Em suma: prioridades devem ser recuperadas, aperfeiçoadas e aprofundadas, entre as quais cabe sublinhar: a política de valorização do salário mínimo; agressivos programas de transferência de renda (Bolsa Família, Brasil sem Miséria, Benefício de Prestação Continuada, Luz e Água para Todos, Pronaf, Prouni etc.); desonerações fiscais altamente seletivas para setores estratégicos; fortalecimento do programa habitacional Minha Casa Minha Vida; aprovação do Estatuto do Microempreendedor Individual; a expansão do crédito pelos bancos oficiais; implementação do Plano de Desenvolvimento da Educação, com medidas que proporcionam o crescimento do emprego e da renda, aumentando o poder aquisitivo das classes E, D e C, e que resultam na expansão dos níveis de consumo que estimulam investimentos.

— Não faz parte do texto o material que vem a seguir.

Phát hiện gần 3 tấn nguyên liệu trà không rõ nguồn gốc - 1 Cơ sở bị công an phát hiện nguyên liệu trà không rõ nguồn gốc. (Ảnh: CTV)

Quanto ao fortalecimento de empresas nacionais para garantir-lhes internacionalização, serão necessários financiamentos adequados quanto a encargos financeiros e prazos de amortizações em apoio a investimentos diretos em países estrategicamente selecionados segundo interesses nacionais, entre outros mecanismos capazes de promover convergências entre o governo e empresas forças motrizes em cadeias internacionais de valor, para que a elevação de escalas, de produtividade e de competitividade em termos globais possa garantir remessas de lucros e dividendos para o Brasil.
Caberá ao novo governo progressista estruturar estratégica mudança de postura do Banco Central (BC). Em lugar de plena autonomia, caberá a um novo governo progressista mudar a atuação do BC para compatibilizar o modelo de controle da inflação através do regime de metas, de concepção neoliberal, baseado em “expectativas racionais”, com a teoria quantitativa da moeda visando tornar o sistema bancário mais competitivo, o crédito seletivo e distributivo, de modo que as instituições financeiras obtenham taxas de lucros semelhantes aos dos países desenvolvidos e se transformem em motores do desenvolvimento em seu mais amplo sentido: promoção do crescimento econômico e, ao mesmo tempo, redução das desigualdades sociais e regionais.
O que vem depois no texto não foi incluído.